What the exercise asks >>
Would you retype each record exactly as given?

===============

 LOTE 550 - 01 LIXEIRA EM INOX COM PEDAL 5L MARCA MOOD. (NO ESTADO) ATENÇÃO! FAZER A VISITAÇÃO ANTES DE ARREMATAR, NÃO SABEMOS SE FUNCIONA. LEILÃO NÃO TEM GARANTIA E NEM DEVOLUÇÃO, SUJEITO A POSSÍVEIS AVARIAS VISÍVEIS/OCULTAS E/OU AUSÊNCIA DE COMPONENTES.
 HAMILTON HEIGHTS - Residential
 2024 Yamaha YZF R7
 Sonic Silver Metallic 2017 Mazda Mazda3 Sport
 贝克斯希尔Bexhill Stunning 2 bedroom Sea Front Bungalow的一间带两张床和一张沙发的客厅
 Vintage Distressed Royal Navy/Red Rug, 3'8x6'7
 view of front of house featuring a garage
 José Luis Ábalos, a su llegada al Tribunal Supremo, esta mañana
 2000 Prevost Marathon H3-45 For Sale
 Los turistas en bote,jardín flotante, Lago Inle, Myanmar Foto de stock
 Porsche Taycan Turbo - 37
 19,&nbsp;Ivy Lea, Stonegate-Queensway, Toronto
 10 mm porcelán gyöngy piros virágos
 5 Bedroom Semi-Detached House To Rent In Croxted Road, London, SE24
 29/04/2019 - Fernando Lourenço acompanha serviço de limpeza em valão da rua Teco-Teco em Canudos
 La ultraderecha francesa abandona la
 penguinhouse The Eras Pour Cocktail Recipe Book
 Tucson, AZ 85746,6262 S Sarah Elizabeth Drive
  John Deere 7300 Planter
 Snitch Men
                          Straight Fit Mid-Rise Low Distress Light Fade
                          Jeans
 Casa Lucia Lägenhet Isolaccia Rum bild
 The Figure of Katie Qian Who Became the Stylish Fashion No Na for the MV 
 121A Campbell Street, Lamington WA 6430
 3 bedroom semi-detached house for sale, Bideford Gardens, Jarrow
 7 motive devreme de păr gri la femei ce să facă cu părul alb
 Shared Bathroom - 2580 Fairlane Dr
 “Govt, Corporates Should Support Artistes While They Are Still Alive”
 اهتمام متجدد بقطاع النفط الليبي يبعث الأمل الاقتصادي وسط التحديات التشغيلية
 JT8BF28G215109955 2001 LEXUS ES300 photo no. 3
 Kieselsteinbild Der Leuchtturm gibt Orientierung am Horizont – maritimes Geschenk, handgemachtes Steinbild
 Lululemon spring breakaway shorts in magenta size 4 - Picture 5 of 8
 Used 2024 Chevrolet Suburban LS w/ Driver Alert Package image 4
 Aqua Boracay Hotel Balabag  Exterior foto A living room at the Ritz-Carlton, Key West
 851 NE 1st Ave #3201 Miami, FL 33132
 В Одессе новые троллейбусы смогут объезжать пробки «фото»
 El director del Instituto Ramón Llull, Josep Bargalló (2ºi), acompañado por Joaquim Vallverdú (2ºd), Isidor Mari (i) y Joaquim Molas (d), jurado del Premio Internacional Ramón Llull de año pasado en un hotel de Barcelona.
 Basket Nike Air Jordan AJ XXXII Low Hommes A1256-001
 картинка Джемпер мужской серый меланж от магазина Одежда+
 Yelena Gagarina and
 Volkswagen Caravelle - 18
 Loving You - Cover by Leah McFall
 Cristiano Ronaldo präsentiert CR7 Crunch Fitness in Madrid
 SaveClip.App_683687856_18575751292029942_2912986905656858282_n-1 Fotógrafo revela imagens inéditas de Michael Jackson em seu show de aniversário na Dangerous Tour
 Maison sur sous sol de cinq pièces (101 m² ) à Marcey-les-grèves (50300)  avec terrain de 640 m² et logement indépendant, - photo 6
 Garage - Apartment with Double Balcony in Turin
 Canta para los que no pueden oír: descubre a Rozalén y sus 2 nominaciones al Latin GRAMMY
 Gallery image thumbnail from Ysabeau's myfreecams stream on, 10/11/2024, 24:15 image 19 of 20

===============

Exercise response >>
 LOTE 550 - 01 LIXEIRA EM INOX COM PEDAL 5L MARCA MOOD. (NO ESTADO) ATENÇÃO! FAZER A VISITAÇÃO ANTES DE ARREMATAR, NÃO SABEMOS SE FUNCIONA. LEILÃO NÃO TEM GARANTIA E NEM DEVOLUÇÃO, SUJEITO A POSSÍVEIS AVARIAS VISÍVEIS/OCULTAS E/OU AUSÊNCIA DE COMPONENTES.
 HAMILTON HEIGHTS - Residential
 2024 Yamaha YZF R7
 Sonic Silver Metallic 2017 Mazda Mazda3 Sport
 贝克斯希尔Bexhill Stunning 2 bedroom Sea Front Bungalow的一间带两张床和一张沙发的客厅
 Vintage Distressed Royal Navy/Red Rug, 3'8x6'7
 view of front of house featuring a garage
 José Luis Ábalos, a su llegada al Tribunal Supremo, esta mañana
 2000 Prevost Marathon H3-45 For Sale
 Los turistas en bote,jardín flotante, Lago Inle, Myanmar Foto de stock
 Porsche Taycan Turbo - 37
 19,&nbsp;Ivy Lea, Stonegate-Queensway, Toronto
 10 mm porcelán gyöngy piros virágos
 5 Bedroom Semi-Detached House To Rent In Croxted Road, London, SE24
 29/04/2019 - Fernando Lourenço acompanha serviço de limpeza em valão da rua Teco-Teco em Canudos
 La ultraderecha francesa abandona la
 penguinhouse The Eras Pour Cocktail Recipe Book
 Tucson, AZ 85746,6262 S Sarah Elizabeth Drive
  John Deere 7300 Planter
 Snitch Men
                          Straight Fit Mid-Rise Low Distress Light Fade
                          Jeans
 Casa Lucia Lägenhet Isolaccia Rum bild
 The Figure of Katie Qian Who Became the Stylish Fashion No Na for the MV 
 121A Campbell Street, Lamington WA 6430
 3 bedroom semi-detached house for sale, Bideford Gardens, Jarrow
 7 motive devreme de păr gri la femei ce să facă cu părul alb
 Shared Bathroom - 2580 Fairlane Dr
 “Govt, Corporates Should Support Artistes While They Are Still Alive”
 اهتمام متجدد بقطاع النفط الليبي يبعث الأمل الاقتصادي وسط التحديات التشغيلية
 JT8BF28G215109955 2001 LEXUS ES300 photo no. 3
 Kieselsteinbild Der Leuchtturm gibt Orientierung am Horizont – maritimes Geschenk, handgemachtes Steinbild
 Lululemon spring breakaway shorts in magenta size 4 - Picture 5 of 8
 Used 2024 Chevrolet Suburban LS w/ Driver Alert Package image 4
 Aqua Boracay Hotel Balabag  Exterior foto A living room at the Ritz-Carlton, Key West
 851 NE 1st Ave #3201 Miami, FL 33132
 В Одессе новые троллейбусы смогут объезжать пробки «фото»
 El director del Instituto Ramón Llull, Josep Bargalló (2ºi), acompañado por Joaquim Vallverdú (2ºd), Isidor Mari (i) y Joaquim Molas (d), jurado del Premio Internacional Ramón Llull de año pasado en un hotel de Barcelona.
 Basket Nike Air Jordan AJ XXXII Low Hommes A1256-001
 картинка Джемпер мужской серый меланж от магазина Одежда+
 Yelena Gagarina and
 Volkswagen Caravelle - 18
 Loving You - Cover by Leah McFall
 Cristiano Ronaldo präsentiert CR7 Crunch Fitness in Madrid
 SaveClip.App_683687856_18575751292029942_2912986905656858282_n-1 Fotógrafo revela imagens inéditas de Michael Jackson em seu show de aniversário na Dangerous Tour
 Maison sur sous sol de cinq pièces (101 m² ) à Marcey-les-grèves (50300)  avec terrain de 640 m² et logement indépendant, - photo 6
 Garage - Apartment with Double Balcony in Turin
 Canta para los que no pueden oír: descubre a Rozalén y sus 2 nominaciones al Latin GRAMMY
 Gallery image thumbnail from Ysabeau's myfreecams stream on, 10/11/2024, 24:15 image 19 of 20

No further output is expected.